Scopo di questo capitolo è mostrare come il privilegio che la semiotica del cinema ha accordato alla dimensione narrativa del testo filmico e, di contro, la difficoltà che ha incontrato nel definire e nel trattare operativamente gli aspetti propriamente visivi del film, non sono dovuti allo sviluppo particolare e/o accidentale di tale disciplina, che la ha portata a privilegiare la dimensione narrativa, essendo piuttosto la conseguenza diretta e logica dei suoi stessi fondamenti.
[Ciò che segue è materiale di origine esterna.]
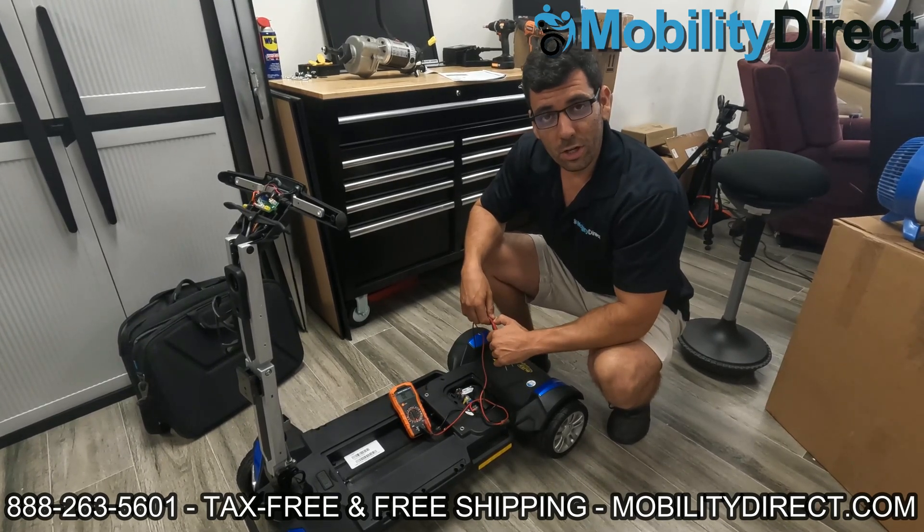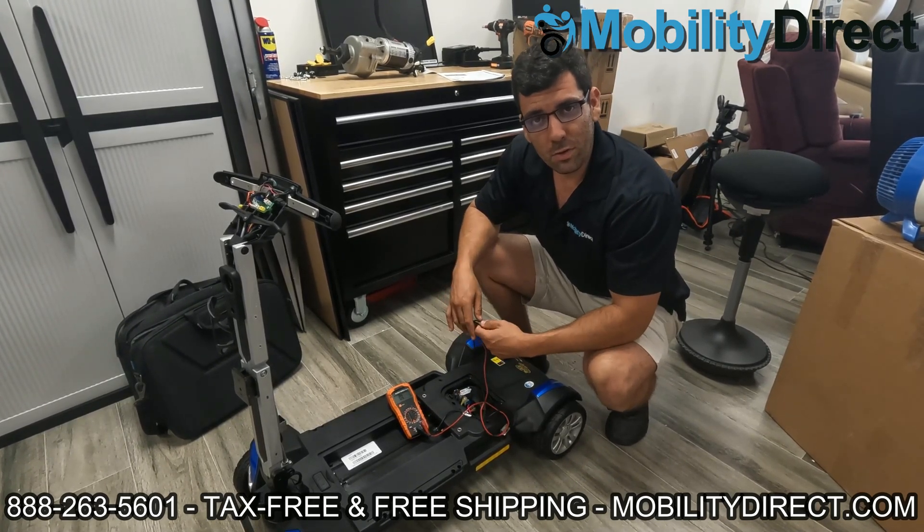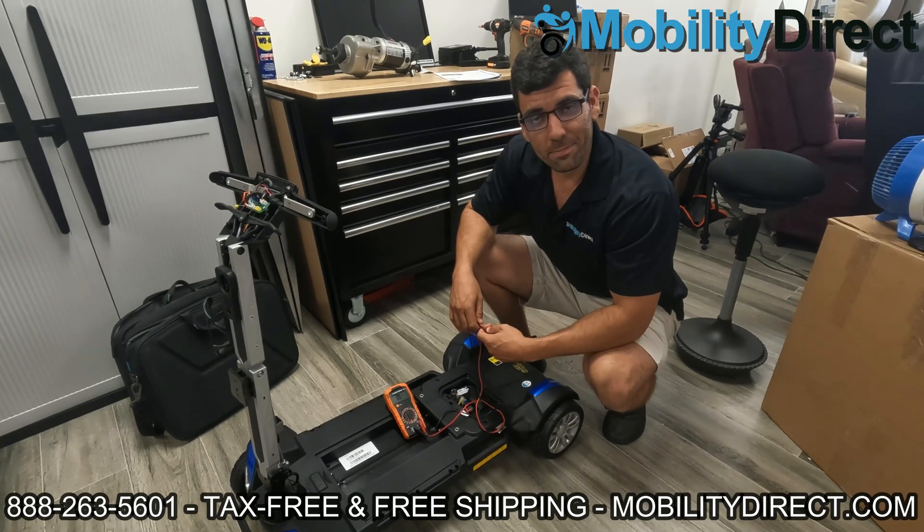Again, I'm Sergio with Mobility Direct. Thank you so much for watching. I hope you learned something today. Have a great day.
Il cinema nella sua forma generale è una narrazione per immagini. Questa affermazione comporta in realtà due enunciati:
1) al cinema delle immagini si danno a vedere;
2) esse raccontano una storia.
L’enunciato 2) presuppone naturalmente l’enunciato 1): senza immagini che si danno a vedere, nessuna storia. Ma non è altrettanto automatica l’accettazione di un rapporto di implicazione dei due enunciati, cioè: se delle immagini si danno a vedere, ciò comporta necessariamente una narrazione. Mentre la semiotica gremaisiana1 – per la quale ogni forma testuale possiede necessariamente una dimensione narrativa – da una posizione forte ed esplicita a questo problema, più sfumata e più pragmatica appare la posizione assunta implicitamente dagli studi narratologici applicati al cinema, che può essere esplicitata così: per i testi di cui si dà analisi narratologica vale il rapporto di implicazione tra l’enunciato 1) e l’enunciato 2); in questo caso dunque ad un asserzione di carattere generale e teorico, viene sostituita un’asserzione di carattere principalmente operativo.